Wake Up To Politics - April 24, 2019
I'm Gabe Fleisher, reporting live from WUTP World HQ in my bedroom. It’s Wednesday, April 24, 2019. 285 days until the 2020 Iowa caucuses. 559 days until Election Day 2020. Have comments, questions, suggestions, or tips? Email me at email@example.com.
Trump escalates dispute with House investigators
After days of his administration stonewalling investigative requests from House Democrats, President Donald Trump escalated the dispute on Wednesday in an interview with The Washington Post.
Trump told The Post that he is opposed to current and former White House aides testifying before congressional panels, saying that the investigations run by House Democrats were unnecessary now that special counsel Robert Mueller had completed his probe of Russian interference in the 2016 election and Trump's potentially obstructive conduct in office.
"There is no reason to go any further, and especially in Congress where it's very partisan — obviously very partisan," he said.
Trump's comments — which essentially amounted to a directive from the head of the executive branch for his underlings to ignore oversight requests from the legislative branch — come as his administration is fighting a multiple-front war with Democratic investigators. Here are the main disputes playing out this week:
- The House Oversight Committee issued a subpoena requesting former White House personnel security director Carl Kline to testify before the panel on Tuesday about the security clearance process he oversaw. Kline did not show up, following instructions from the White House. Chairman Elijah Cummings (D-MD) responded by saying he would consult with members of the panel about scheduling a vote to hold Kline in contempt of Congress.
- The House Judiciary Committee issued a subpoena on Monday for former White House counsel Don McGahn to testify about events and issues detailed in the Mueller report. According to The Post, the White House "plans to fight" the subpoena.
- The Treasury Department on Tuesday missed a second deadline set by the House Ways and Means Committee to hand over President Trump's tax returns, which chairman Richard Neal (D-MA) formally requested under a 1924 law. Treasury Secretary Mnuchin told Neal in a letter on Tuesday that he would make a final decision on whether to provide the tax returns by May 6.
These disputes further raise the temperature in what was already a fraught relationship between the president and the gavel-wielding House Democrats.
Trump told The Post that the White House counsel's office had yet to make a "final, final decision" about whether it would formally assert executive privilege to block House committees from forcing administration officials to testify, but the newspaper reported that White House lawyers were expected to take that route.

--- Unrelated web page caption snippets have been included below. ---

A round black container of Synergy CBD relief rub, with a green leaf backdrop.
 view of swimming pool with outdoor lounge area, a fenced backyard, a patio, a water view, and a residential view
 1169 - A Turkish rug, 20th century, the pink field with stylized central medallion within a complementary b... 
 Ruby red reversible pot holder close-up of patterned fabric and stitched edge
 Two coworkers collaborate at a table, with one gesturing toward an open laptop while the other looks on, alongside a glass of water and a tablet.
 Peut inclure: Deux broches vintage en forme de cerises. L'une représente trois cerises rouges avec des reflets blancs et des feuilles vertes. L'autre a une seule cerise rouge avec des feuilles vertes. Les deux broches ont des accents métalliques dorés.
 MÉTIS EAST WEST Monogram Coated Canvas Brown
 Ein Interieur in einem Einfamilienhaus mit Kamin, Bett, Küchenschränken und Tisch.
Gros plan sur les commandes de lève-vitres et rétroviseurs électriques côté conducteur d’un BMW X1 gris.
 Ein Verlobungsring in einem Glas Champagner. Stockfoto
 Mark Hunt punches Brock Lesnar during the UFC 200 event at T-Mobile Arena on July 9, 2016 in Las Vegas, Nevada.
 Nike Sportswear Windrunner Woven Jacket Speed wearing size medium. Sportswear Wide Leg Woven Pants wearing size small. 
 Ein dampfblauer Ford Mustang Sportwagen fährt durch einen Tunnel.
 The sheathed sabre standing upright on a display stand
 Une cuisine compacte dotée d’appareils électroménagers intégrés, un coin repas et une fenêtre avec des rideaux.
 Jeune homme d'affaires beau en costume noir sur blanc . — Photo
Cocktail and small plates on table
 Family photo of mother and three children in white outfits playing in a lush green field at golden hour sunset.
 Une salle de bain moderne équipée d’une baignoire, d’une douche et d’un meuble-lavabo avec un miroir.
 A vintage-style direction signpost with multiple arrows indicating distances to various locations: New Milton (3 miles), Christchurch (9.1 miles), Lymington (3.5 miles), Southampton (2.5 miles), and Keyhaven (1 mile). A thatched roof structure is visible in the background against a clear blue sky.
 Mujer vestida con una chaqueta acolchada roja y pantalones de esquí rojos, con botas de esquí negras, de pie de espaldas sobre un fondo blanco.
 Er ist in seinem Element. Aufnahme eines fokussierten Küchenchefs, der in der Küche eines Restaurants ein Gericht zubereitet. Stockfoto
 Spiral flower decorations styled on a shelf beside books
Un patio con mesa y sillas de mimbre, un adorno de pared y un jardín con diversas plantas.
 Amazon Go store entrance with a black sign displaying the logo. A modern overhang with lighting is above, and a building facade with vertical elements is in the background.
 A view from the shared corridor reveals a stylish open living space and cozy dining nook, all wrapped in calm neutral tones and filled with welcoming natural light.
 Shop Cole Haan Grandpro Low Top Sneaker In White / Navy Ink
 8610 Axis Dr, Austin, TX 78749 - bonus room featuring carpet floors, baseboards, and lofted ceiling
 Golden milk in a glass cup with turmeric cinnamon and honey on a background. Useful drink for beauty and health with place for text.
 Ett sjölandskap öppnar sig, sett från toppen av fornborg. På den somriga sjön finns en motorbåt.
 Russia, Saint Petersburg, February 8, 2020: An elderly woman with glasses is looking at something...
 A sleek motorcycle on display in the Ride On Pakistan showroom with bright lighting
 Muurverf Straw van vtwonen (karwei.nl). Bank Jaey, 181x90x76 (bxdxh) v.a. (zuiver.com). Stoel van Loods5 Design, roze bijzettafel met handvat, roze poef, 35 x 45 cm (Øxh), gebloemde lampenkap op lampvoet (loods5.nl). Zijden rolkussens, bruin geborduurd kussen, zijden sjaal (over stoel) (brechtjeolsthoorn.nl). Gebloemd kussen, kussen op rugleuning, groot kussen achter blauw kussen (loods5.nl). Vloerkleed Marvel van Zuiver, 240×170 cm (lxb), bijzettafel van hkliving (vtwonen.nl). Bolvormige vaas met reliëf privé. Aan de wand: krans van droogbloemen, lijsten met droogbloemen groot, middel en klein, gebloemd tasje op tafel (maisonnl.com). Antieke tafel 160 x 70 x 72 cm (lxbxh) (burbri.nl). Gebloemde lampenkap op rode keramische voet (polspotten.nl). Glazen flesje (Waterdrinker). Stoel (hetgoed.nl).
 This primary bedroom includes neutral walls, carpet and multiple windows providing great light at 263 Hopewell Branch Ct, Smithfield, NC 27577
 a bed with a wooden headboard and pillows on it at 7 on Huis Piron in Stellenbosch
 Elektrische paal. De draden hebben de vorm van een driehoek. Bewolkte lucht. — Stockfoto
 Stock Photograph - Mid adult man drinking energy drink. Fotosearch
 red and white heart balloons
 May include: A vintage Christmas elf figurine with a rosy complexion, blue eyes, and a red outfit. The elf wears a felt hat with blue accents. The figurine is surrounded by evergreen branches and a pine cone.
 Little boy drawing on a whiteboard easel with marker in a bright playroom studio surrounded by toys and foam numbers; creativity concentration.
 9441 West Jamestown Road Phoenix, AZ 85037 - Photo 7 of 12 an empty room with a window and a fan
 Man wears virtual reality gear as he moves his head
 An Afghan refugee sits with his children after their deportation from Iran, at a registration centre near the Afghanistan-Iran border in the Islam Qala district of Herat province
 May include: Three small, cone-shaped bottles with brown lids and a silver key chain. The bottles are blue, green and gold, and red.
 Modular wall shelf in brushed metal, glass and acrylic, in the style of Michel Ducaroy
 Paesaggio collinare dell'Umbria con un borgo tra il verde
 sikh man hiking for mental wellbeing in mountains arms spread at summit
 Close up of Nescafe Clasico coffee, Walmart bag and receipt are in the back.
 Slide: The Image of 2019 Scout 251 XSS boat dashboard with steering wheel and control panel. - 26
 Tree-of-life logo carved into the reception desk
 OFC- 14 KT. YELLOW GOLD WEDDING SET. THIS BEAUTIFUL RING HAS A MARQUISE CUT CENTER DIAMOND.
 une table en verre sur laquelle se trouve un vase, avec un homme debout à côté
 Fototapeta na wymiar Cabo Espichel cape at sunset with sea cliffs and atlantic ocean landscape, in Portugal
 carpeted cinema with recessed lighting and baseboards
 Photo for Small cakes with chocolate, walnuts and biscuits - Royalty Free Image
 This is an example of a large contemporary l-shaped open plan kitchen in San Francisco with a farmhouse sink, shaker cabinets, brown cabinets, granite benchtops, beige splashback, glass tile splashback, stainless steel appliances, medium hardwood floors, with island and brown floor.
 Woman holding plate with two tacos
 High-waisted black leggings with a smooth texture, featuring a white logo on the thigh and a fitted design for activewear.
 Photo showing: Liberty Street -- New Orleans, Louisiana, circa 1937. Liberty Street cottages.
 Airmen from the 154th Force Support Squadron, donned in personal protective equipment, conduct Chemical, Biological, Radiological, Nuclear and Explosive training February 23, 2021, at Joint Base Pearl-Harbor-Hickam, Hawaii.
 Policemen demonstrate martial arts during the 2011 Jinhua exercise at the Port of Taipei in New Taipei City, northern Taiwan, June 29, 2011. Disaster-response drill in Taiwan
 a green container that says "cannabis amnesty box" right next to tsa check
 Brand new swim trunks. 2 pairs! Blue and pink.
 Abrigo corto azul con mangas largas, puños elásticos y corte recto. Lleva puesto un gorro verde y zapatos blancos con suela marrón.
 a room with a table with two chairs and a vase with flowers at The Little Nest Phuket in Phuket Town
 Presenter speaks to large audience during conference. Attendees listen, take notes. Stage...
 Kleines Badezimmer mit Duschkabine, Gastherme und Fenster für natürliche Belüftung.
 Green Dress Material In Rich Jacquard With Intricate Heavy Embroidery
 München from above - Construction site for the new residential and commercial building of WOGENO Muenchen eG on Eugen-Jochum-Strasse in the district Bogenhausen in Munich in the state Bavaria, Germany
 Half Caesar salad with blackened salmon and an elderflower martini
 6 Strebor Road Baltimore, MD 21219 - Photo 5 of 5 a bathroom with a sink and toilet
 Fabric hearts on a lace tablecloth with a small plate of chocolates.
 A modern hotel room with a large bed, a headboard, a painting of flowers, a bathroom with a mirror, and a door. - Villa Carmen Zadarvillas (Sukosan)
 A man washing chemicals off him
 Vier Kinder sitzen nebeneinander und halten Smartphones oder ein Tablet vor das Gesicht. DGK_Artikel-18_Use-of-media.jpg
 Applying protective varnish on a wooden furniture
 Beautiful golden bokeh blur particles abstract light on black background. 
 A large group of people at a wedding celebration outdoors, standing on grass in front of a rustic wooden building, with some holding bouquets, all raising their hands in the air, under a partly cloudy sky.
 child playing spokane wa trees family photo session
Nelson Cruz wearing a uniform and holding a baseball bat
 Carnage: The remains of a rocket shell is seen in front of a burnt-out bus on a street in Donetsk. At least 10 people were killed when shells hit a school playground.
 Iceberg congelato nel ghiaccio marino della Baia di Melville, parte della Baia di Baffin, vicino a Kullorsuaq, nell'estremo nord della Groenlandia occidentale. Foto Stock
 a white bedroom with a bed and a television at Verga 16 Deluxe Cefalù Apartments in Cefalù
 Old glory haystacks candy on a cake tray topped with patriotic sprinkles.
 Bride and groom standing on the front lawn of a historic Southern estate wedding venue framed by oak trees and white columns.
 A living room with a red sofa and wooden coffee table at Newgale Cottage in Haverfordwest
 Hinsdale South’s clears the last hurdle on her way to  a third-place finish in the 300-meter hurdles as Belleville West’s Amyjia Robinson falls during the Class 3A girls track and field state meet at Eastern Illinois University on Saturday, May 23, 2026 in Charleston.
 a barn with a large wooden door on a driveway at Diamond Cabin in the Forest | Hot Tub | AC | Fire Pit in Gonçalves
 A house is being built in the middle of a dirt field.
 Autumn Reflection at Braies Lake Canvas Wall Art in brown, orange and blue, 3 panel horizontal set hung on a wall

However, since the White House has not asserted executive privilege yet, Oversight Committee chairman Cummings argued in a statement on Tuesday that they had no legal grounds to block Kline and other officials from testifying. "It appears that the President believes that the Constitution does not apply to his White House, that he may order officials at will to violate their legal obligations, and that he may obstruct attempts by Congress to conduct oversight," the Maryland Democrat said. "It also appears that the White House believes that it may dictate to Congress — an independent and co-equal branch of government — the scope of its investigations and even the rules by which it conducts them."
According to Bloomberg, House Judiciary Committee chairman Jerrold Nadler (D-NY) has suggested fining officials personally if they ignore subpoenas.
In an interview at the Time 100 Summit in New York on Tuesday, House Speaker Nancy Pelosi (D-CA) accused the Trump administration of "engaging in stonewalling of the facts coming to the American people," attempting to block investigations into behavior by Trump that she called "unethical, unctuously, and beneath the dignity of the office that he holds."
But when asked if she would support the House moving forward with initiating impeachment proceedings, as some in her caucus have called for, Pelosi remained cautious. "We're not there yet," she responded.
Supreme Court appears likely to allow citizenship question in 2020 census: "The Supreme Court seemed willing Tuesday to let the Trump administration add a question about citizenship to the 2020 census form that goes to every U.S. household, despite claims from populous states that it would actually make the count less accurate."
"Both the government and the challengers agree that adding the question would reduce the census response rate, especially in immigrant communities. But the court's conservative majority seemed prepared to rule that Commerce Secretary Wilbur Ross acted within his authority to add it because no method is guaranteed to produce an accurate count." (NBC News)
2020 election security: "In the months before Kirstjen Nielsen was forced to resign, she tried to focus the White House on one of her highest priorities as homeland security secretary: preparing for new and different Russian forms of interference in the 2020 election."
..."But in a meeting this year, Mick Mulvaney, the White House chief of staff, made it clear that Mr. Trump still equated any public discussion of malign Russian election activity with questions about the legitimacy of his victory. According to one senior administration official, Mr. Mulvaney said it 'wasn’t a great subject and should be kept below his level.'" (New York Times)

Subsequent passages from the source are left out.